Interview Questions on This Topic

  • QWhy does the outer loop only need to go up to √n?JuniorReveal
    If a number n has a prime factor p > √n, then its cofactor n/p is < √n. Thus every composite number has a prime factor ≤ √n. By marking multiples of all primes ≤ √n, all composites are already marked. This reduces the outer loop from n to √n iterations.
  • QWhat is the time complexity of the Sieve of Eratosthenes and why?Mid-levelReveal
    O(n log log n). The inner loop for each prime p executes n/p iterations. Summing over all primes ≤ √n gives n × Σ(1/p). The sum of reciprocals of primes up to √n is approximately log log √n = log log n. So total work ≈ n log log n.
  • QHow would you find all primes in the range [L, R] where R can be up to 10^12?SeniorReveal
    Use a segmented sieve. First generate all primes up to √R using a simple sieve (O(√R) space). Then for each segment of size √R, iterate through the base primes and mark their multiples in the segment array. The segment uses O(√R) memory. This handles R up to 10^12 efficiently.
  • QHow can you optimise the sieve for multi-core systems?SeniorReveal
    Parallelise the segmented sieve by distributing segments across threads. Each thread gets a contiguous chunk of the range and uses the same base primes to mark its segment. The base primes are shared (read-only). Use atomic operations or thread-local segment arrays to avoid contention. Near-linear speedup is achievable.
  • QWhat is the smallest prime factor sieve and why is it useful?Mid-levelReveal
    It stores the smallest prime factor for each number. After preprocessing in O(n log log n), you can factor any number ≤ n in O(log n) by repeatedly dividing by its SPF. This is essential for competitive programming problems requiring many prime factorisations.
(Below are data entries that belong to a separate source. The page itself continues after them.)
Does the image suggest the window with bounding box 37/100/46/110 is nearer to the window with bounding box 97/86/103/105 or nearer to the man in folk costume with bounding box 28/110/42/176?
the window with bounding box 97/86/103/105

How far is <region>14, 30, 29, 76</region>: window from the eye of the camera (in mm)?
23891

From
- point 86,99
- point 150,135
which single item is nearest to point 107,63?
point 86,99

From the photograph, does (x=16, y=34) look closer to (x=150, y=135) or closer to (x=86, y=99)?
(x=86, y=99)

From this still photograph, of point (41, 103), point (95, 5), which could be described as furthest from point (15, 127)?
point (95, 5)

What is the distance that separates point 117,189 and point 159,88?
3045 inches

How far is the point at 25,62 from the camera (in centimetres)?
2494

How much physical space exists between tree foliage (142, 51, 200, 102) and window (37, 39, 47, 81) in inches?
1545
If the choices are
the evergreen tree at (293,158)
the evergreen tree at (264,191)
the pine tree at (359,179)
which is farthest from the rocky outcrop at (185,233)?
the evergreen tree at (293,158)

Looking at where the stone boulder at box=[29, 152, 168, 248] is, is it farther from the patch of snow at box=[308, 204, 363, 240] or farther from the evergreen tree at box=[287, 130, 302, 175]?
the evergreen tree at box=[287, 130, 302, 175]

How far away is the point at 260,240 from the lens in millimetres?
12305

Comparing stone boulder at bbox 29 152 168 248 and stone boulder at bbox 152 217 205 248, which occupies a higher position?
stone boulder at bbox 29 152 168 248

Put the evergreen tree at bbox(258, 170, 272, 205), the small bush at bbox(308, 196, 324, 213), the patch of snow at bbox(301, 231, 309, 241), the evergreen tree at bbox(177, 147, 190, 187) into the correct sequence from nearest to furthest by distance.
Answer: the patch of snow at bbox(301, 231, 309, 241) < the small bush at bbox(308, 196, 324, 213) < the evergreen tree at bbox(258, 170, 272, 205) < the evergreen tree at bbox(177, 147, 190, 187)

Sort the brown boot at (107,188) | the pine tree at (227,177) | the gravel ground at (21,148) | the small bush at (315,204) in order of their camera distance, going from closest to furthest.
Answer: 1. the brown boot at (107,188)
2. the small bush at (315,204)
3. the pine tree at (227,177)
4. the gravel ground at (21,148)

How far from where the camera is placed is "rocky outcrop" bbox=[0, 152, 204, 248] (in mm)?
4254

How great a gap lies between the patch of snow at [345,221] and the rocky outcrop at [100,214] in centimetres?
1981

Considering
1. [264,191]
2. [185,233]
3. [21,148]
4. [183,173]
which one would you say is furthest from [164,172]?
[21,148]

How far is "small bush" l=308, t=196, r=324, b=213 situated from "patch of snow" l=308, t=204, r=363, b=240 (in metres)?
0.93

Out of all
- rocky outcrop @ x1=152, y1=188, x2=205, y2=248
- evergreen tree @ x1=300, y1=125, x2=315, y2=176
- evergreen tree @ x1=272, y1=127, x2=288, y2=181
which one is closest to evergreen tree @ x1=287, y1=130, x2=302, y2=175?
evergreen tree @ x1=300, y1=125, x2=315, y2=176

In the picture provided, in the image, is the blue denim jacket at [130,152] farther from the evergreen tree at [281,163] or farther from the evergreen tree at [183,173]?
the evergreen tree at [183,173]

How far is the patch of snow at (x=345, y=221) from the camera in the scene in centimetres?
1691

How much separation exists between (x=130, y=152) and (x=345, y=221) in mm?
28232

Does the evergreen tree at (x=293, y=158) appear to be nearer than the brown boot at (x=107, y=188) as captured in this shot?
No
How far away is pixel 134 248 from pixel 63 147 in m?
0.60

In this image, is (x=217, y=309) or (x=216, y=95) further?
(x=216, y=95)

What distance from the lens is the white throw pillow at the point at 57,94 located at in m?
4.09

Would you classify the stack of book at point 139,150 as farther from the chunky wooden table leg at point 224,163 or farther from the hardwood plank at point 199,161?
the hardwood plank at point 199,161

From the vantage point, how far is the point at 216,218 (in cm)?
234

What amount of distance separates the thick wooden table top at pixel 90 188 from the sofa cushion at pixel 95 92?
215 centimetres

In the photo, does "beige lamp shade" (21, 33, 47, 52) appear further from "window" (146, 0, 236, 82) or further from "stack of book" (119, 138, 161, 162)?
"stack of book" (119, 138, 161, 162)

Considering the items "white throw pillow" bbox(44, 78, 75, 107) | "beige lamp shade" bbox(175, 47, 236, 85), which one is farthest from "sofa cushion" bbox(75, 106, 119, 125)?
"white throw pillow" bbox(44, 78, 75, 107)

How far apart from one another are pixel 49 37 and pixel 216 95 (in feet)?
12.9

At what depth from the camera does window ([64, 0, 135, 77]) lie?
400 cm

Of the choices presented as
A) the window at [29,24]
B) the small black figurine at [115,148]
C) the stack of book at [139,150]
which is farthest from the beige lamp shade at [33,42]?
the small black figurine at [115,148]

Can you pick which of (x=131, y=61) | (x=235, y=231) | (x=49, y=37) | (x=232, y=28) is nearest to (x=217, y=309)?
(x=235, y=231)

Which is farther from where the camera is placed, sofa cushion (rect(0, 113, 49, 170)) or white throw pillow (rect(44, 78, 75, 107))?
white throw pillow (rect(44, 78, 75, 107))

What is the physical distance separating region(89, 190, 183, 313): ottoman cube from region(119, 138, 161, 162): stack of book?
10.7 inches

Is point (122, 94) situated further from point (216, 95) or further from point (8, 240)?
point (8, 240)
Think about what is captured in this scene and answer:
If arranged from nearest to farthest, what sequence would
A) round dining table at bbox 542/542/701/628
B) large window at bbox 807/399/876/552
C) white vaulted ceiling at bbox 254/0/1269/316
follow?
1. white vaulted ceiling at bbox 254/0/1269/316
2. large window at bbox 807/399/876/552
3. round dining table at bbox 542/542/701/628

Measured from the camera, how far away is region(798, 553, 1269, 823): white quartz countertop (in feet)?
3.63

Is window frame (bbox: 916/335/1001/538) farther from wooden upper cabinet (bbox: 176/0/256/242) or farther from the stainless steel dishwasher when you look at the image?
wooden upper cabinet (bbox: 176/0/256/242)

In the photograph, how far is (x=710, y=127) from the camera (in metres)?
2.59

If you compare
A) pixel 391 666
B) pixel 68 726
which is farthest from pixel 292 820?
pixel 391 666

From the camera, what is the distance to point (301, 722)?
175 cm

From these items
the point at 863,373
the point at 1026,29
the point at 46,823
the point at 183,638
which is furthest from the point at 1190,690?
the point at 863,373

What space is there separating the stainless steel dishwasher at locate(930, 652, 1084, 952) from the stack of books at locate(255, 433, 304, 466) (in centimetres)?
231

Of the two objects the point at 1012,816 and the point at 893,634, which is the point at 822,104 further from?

Frequently Asked Questions

What is the prime counting function π(n)?

π(n) counts the number of primes ≤ n. π(100)=25, π(10^6)=78498, π(10^9)≈50.8 million. The prime number theorem says π(n) ≈ n/ln(n).

Can the sieve be parallelised?

Yes — the segmented sieve naturally parallelises since each segment is independent once base primes are computed. Used in distributed prime-finding projects.

What is wheel factorisation and does it improve the sieve?

Wheel factorisation skips multiples of small primes (e.g., 2,3,5) in the outer loop. This reduces the number of prime candidates by about 75% and can speed up the basic sieve by 30-40% for large n.

Why does the SPF sieve use O(n log log n) time but O(n) extra memory?

The SPF sieve stores an integer for each number (4-8 bytes), so memory is larger than a boolean sieve. However, it enables O(log n) factorisation per query, which can save time when many factorisations are needed.